The frequency variation is dependent on voltage regulation. As voltage regulation changes, the frequency also adopts the same phenomenon. Thus, all the variation in frequency is due to load increment or decrement effects as observed in Figure 7. The generation from all resources and its variation at 15 s and 35 s due to load fluctuation can be seen in Figure 9, Figure 10, Figure 11 and Figure 12.

The SOC (state of charge) of the BESS can be observed in Figure 13, which shows that from 0 to 27 s, the battery is discharging, and for the next half of that time it is charging. When the frequency of the system drops below a certain level, the proposed adaptive dynamic controller enables the battery energy storage system to supply the energy to meet the load demand, which can help to maintain the overall system frequency.

The primary load profile is the power requirement by the residential load and can be seen in Figure 14. Secondary loads are used for industrial load to meet the power requirement of induction motors, pumps, and different systems according to the nature of the industry. The secondary load power profile can be seen in Figure 15.

5. Comparison

To highlight its performance, the proposed controller has been compared with adaptive fuzzy logic and particle swarm optimization. The parameters are kept the same in order to visualize the novelty of the proposed work. A comparison for DC bus voltage has been presented in Figure 16. It can be seen from the figure that the proposed controller efficiently stabilized the fluctuation in a short time (by tracking the reference values in less time) in comparison to adaptive fuzzy and particle swarm optimization. This shows the supremacy of the proposed controller over previous in-use techniques as it provides fast reference tracking, negligible fluctuation, and global stability for the system.

Frequency stabilization using all three techniques has been compared and it has been observed that proposed techniques provide zero overshoot, fast convergence, and rapid desired goal achievement. The comparison of the proposed methodology with the previous is shown in Figure 17.

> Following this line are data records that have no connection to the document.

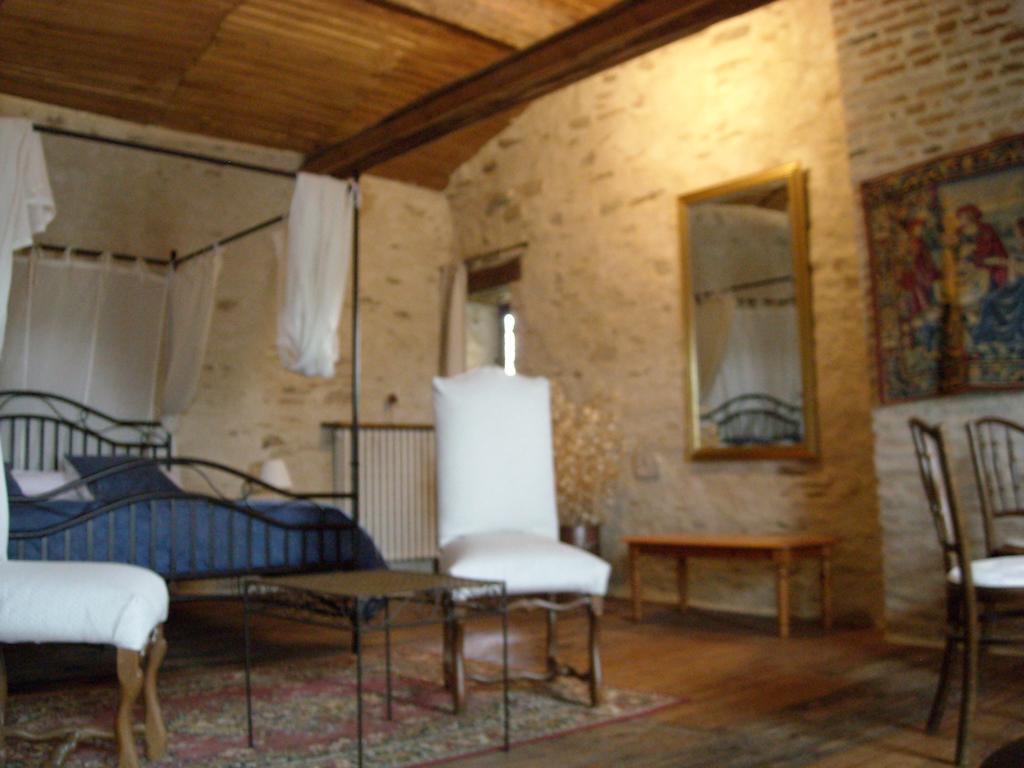 La Tour Des Laudes Bed & Breakfast Breuil-Barret ห้อง รูปภาพ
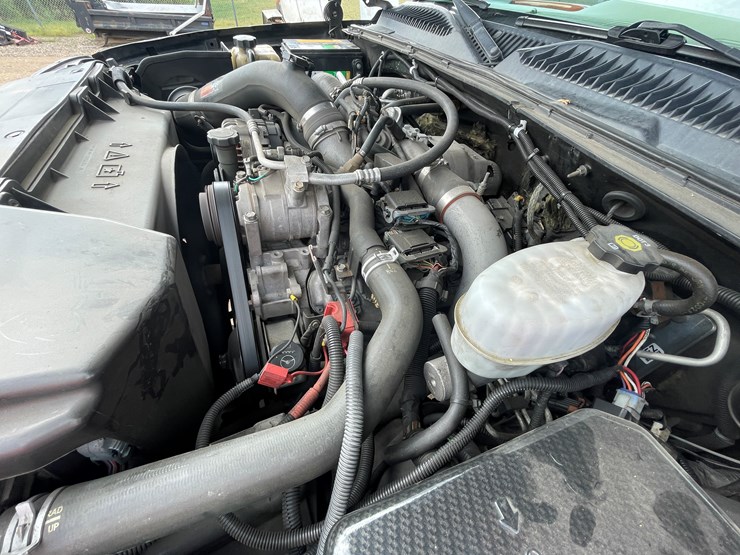 2003-chevrolet-silverado-2500-image-46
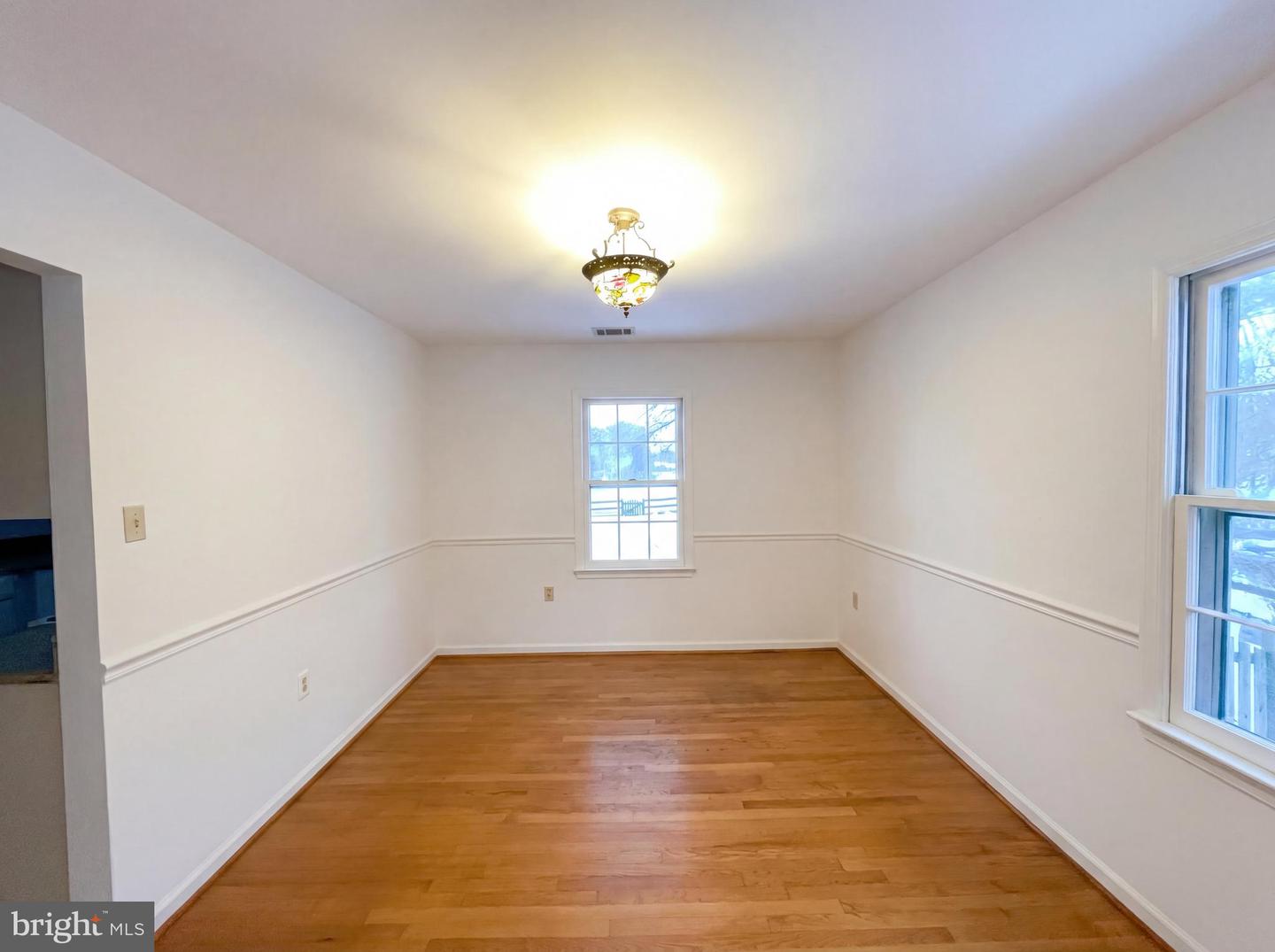 114 APPLEWOOD CT, HAMILTON, Virginia 20158, 3 Bedrooms Bedrooms, ,2 BathroomsBathrooms,Residential,For sale,114 APPLEWOOD CT,VALO2115424 MLS # VALO2115424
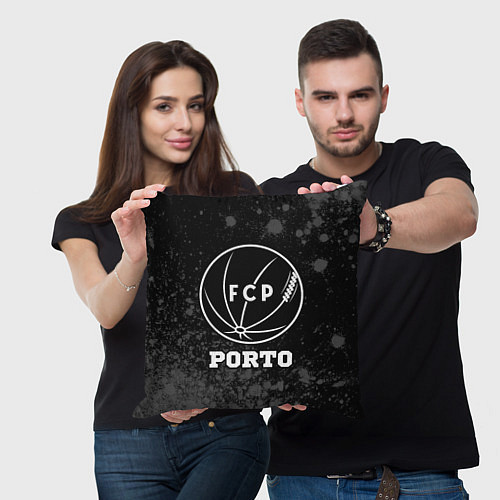 Подушка квадратная Porto sport на темном фоне / 3D-принт – фото 3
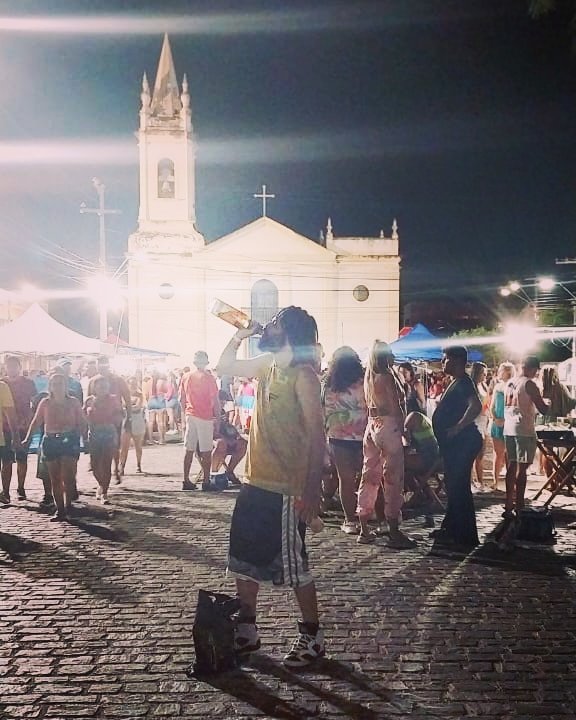 kayo182's tweet photo. Onde tem chiclete?! #onovoanormal #eucaioemtentação #dooutroladodoavesso #ondefoipararsuasanidade https://t.co/G7qIC6T0Vl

The state of charge (SOC) of BESS for the proposed system focuses on the proper charging and discharging of backup system while in previous in-use techniques, there is a slight crossover from charging to discharging mode and moreover less utilization of BESS for stabilization due to inefficient energy management systems as shown in Figure 18.

6. Conclusions

A robust and reliable frequency/voltage stabilization and energy management system has been presented in this research work. This study aimed to solve the problem of the stable operation of a hybrid microgrid especially with regard to issues related to control and management, such as fast reference tracking and convergence, high global stability, zero overshoot, and efficient utilization of available resources, by using nonlinear adaptive dynamic programming. Moreover, adaptive dynamic programming technique updates the control information of the system iteratively without identifying the dynamic response of the system. Furthermore, the load requirement has been optimized by renewable resources without introducing the external energy management system. The convergence analysis has demonstrated that the system tracks its reference values when the load is increased or decreased and maintains the system stability. The robust response of system kept the system frequency and DC voltages mostly at the desired level and, even when it deviated, within a permissible range. The overall results and their comparison with in-use techniques prove that the proposed system has fulfilled the desired objectives for the efficient operation of the hybrid microgrid system.